Last night I went to pay up for my ticket to States for summer. After paying my ticket, I walked to Tag Huer to pick up my watch. We sent it there to change the battery and for servicing. While waiting for the watch, I walked around to look at the watches on display. I confess that I have a huge penchant for watches from Tag Huer. Don't ask me why, but I just like them. There's a pink watch there that's I've been looking for a long time. And I have a huge, huge penchant for pink as well. As I was looking and it hit me, for the money that I've paid for my ticket to San Diego, I could have bought the watch that I really like.
That got me thinking about the true costs of friendship. Sure, I could have gotten the watch and forgo my trip to San Diego and just spend time in Spore. One might ask and wonder, what's the point of going to San Diego since I've been there last summer already. Might as well get the watch as its tangible. Not forgetting with the trip, I'll be spending more money there as well. But when I think about it, I really beg to differ. Spending time with Eve, is not something that's tangible. And just to be in the same continent is already hard enough. Plus with the time difference, it is really hard to call and chat with her. Plus, I strongly believe that there are times with long distance friendships that we really need to reconnect and spend time with each other. Some people find it hard to understand but reality, it's hard to find a friend like Eve.
Had dinner with some friends and it was how apt that the conversation turned to friendships and I mentioned that it is hard in HK to find friends that I can really pour my heart out to because of the lack of layers that a friendship has. Anyone that has lived overseas away from close friends will understand what I mean. Sometimes, there's a pressure to make fast friends and the analogy that we had last night was making tiramisu with cream cheese instead of mascaprone cheese (can't spell the cake and the cheese). Times are hasten, quicken but with somethings, we still need time to build upon. Well, thankfully, my life has been pretty peaceful and I don't have many struggles and hurdles that I need to call someone to bare my soul to. And in the event that I really need, I'm sure my best friends, no matter how far they are, they will be there for me. Thanks!
Well, I've been pretty free these days as Babe is in Spore for a week and my mind is free to have a jog around my head, I started to ponder again. Oh, actually pondering started because on Monday night, my clothes rack in the spare room gave way.
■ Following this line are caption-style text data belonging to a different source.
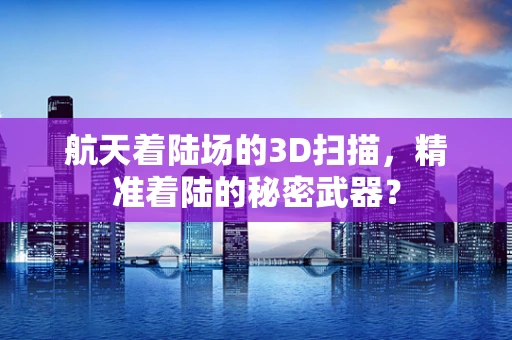 航天着陆场的3D扫描，精准着陆的秘密武器？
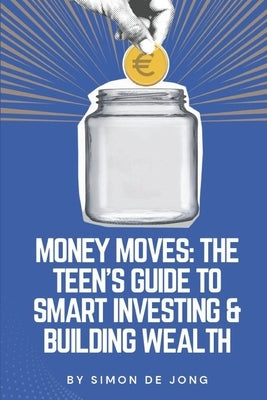 Money Moves: The Teen's Guide to Smart Investing & Building Wealth by de Jong, Simon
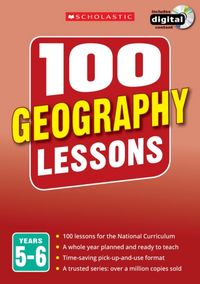 Produktbild: 100 Geography Lessons: Years 5-6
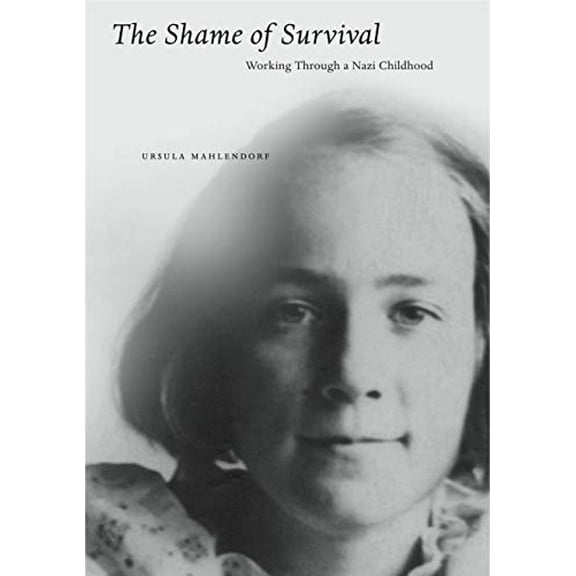 Pre-Owned The Shame of Survival: Working Through a Nazi Childhood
And that pissed me off because I had to find room in my real cupboard to squeeze in my clothes. And I realised how much clutter and crap that I've accumulated. Those who know me would probably know that I love clothes, shoes and bags. And I have a tendency to hoard them and not chuck them out. I always think, someday, I'll be able to fit into this pair of jeans, or this pair of shoes are old but I really love them and it's the same with my bags.
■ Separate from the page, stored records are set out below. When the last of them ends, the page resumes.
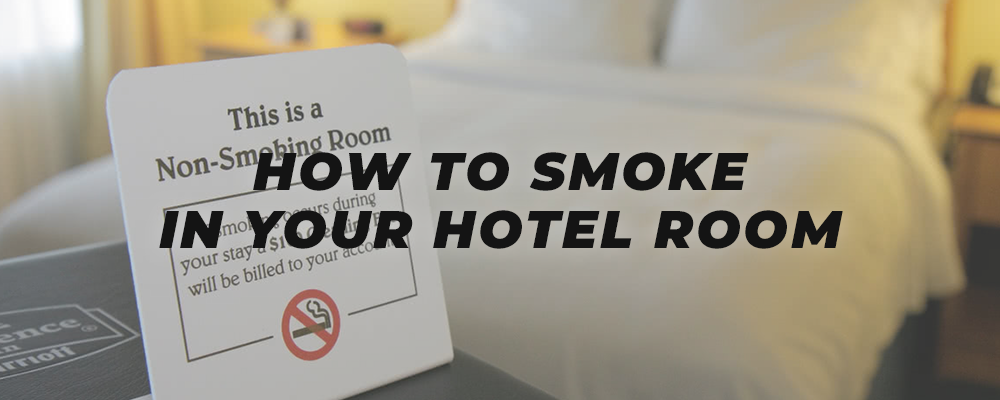 How To Smoke In Your Hotel Room Dankstop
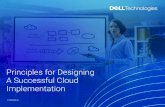 Principles for Designing A Successful Cloud Implementation · 2021. 2. 11. · Principles for Designing a Successful Cloud Implementation 4 INTRODUCTION Delivering cloud capabilites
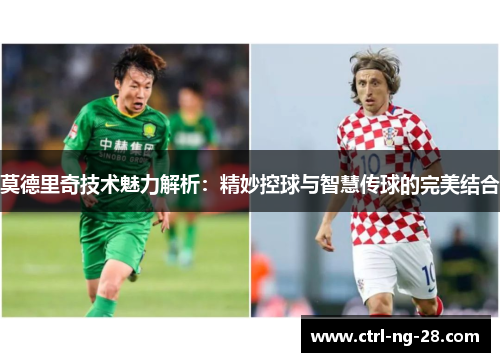 莫德里奇技术魅力解析：精妙控球与智慧传球的完美结合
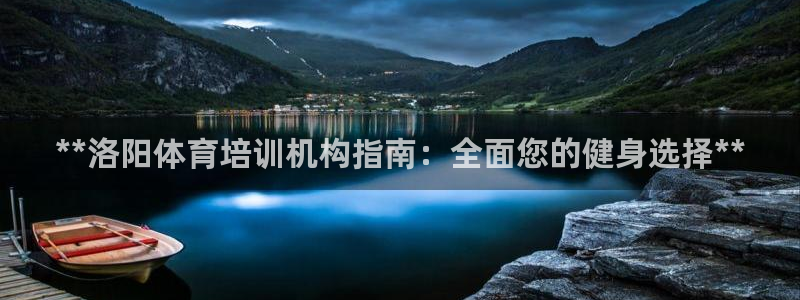 凯时k66娱乐登录：**洛阳体育培训机构指南：全面您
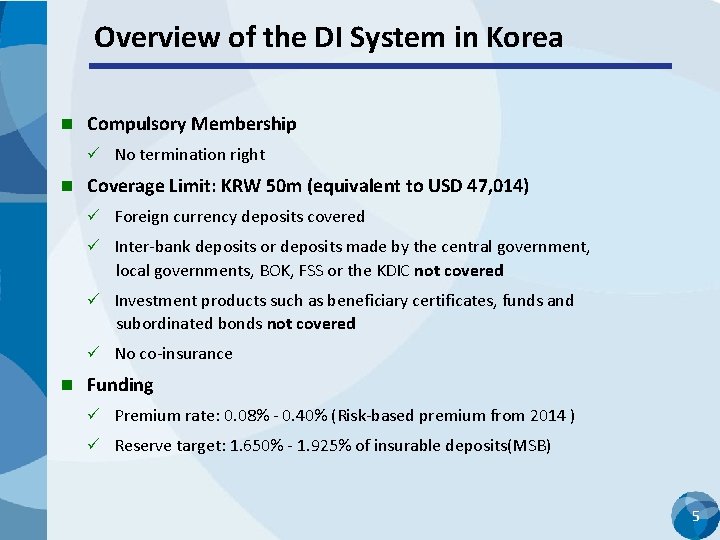 Overview of the DI System in Korea n Compulsory Membership No termination right n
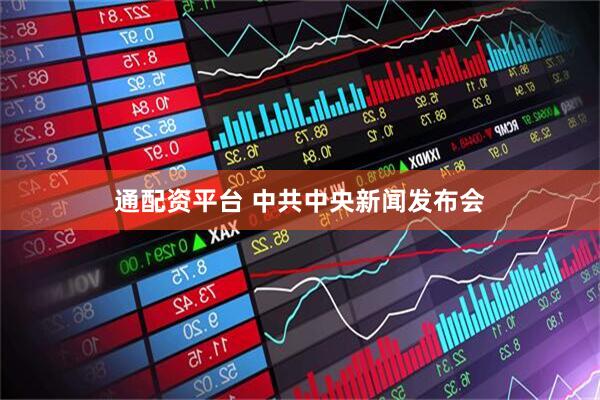 通配资平台 中共中央新闻发布会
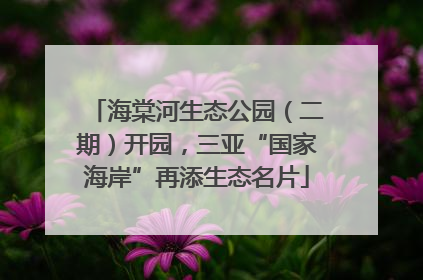 海棠河生态公园（二期）开园，三亚“国家海岸”再添生态名片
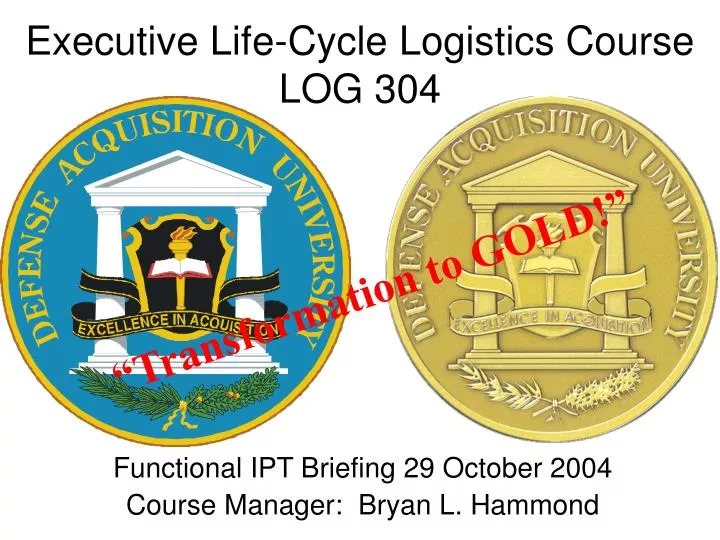 executive life cycle logistics course log 304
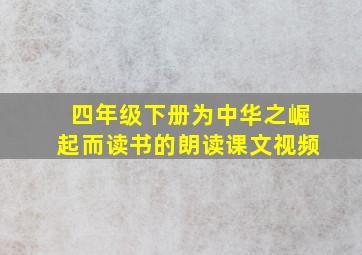 四年级下册为中华之崛起而读书的朗读课文视频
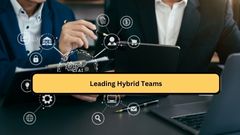 Leading Hybrid Teams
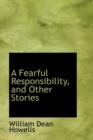 A Fearful Responsibility, and Other Stories - Book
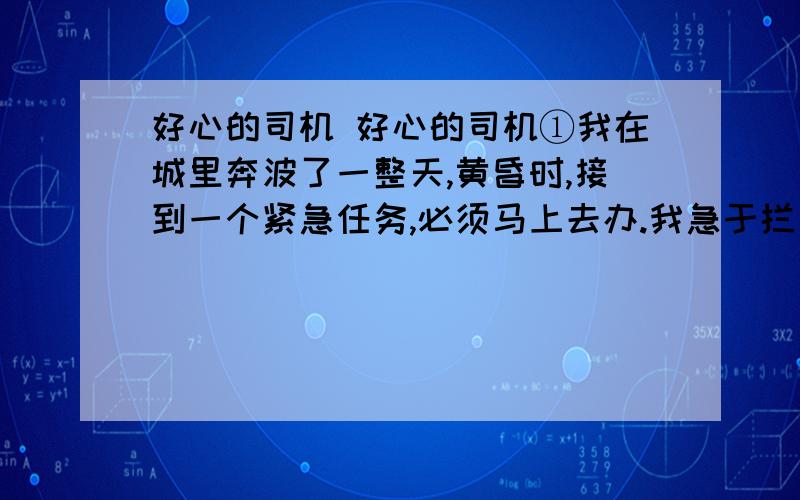 好心的司机 好心的司机①我在城里奔波了一整天,黄昏时,接到一个紧急任务,必须马上去办.我急于拦一辆出租车去西郊的N公司.可是我站在路边,拼命地挥手,也没有一辆出租车停下来.正赶上下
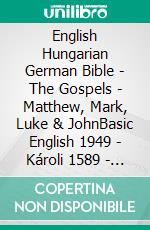 English Hungarian German Bible - The Gospels - Matthew, Mark, Luke & JohnBasic English 1949 - Károli 1589 - Menge 1926. E-book. Formato EPUB ebook di Truthbetold Ministry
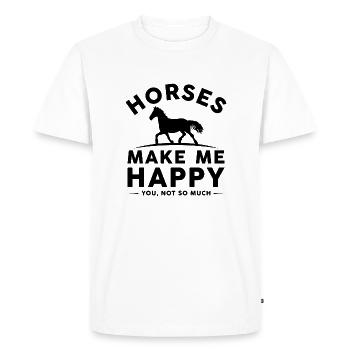 Horses Make Me Happy You Not So Much - Men's Premium Organic T-Shirt - white - Front - Nico (187cm)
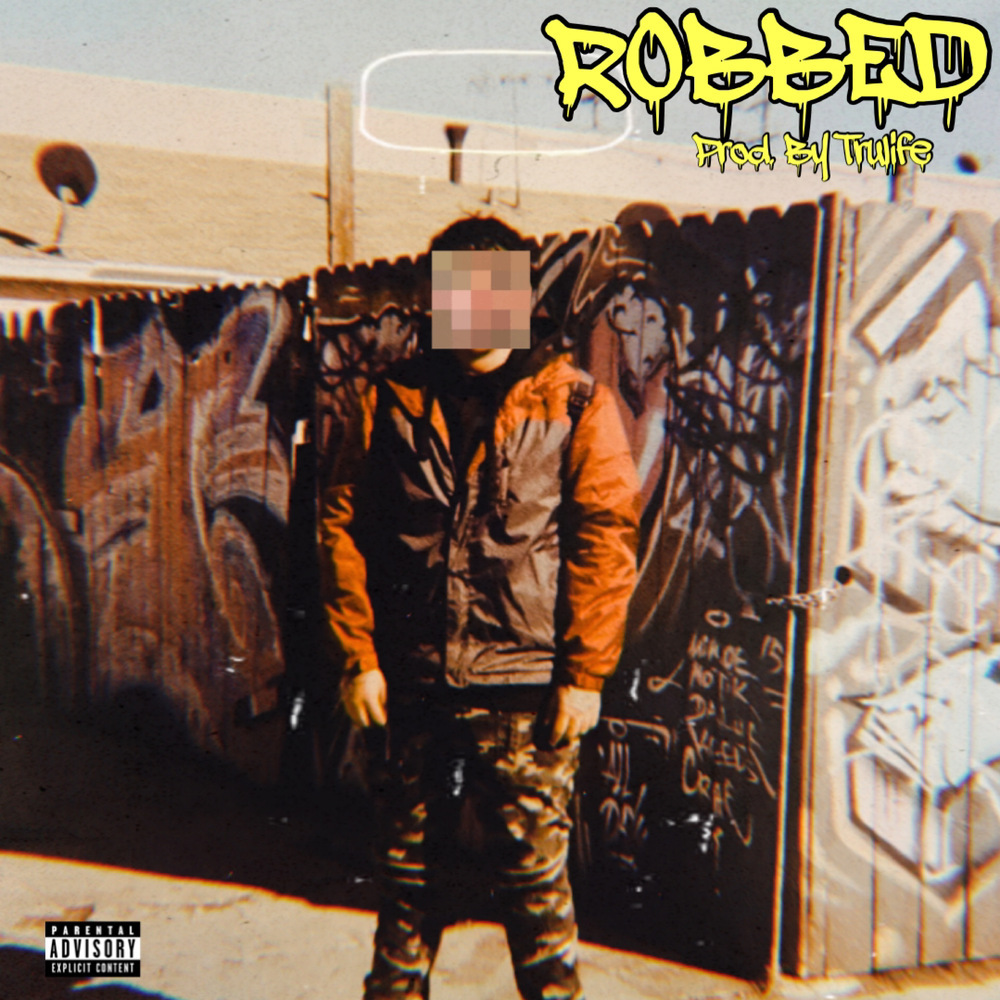 ROBBED (Explicit)
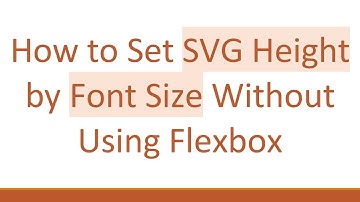 How to Set SVG Height by Font Size Without Using Flexbox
When I sat down and I thought.....Isn't that the same with me and my friendships with some people? Sometimes there are people that I've outgrew their friendship or they outgrew me, some have used me and I've used them and so they are of no real use anymore and some friends were just not friends to have right from the beginning. But I still have their emails. their numbers and there are still on my Facebook. I don't want to delete them out of my contact list on my phone, emails and facebook. But why? Do I have some hope that someday, some friends and me will realise that we have not outgrown each other? Or is it nice to know that I'm x-number of friends on my Facebook? Or maybe someday I may still need their contacts? And then, on the ferry last night, it hit me! I'm am so freaking shallow. If I don't need their friendships, why the hell do I want to let them linger on? What good is there for me? Decluttering operation have to start!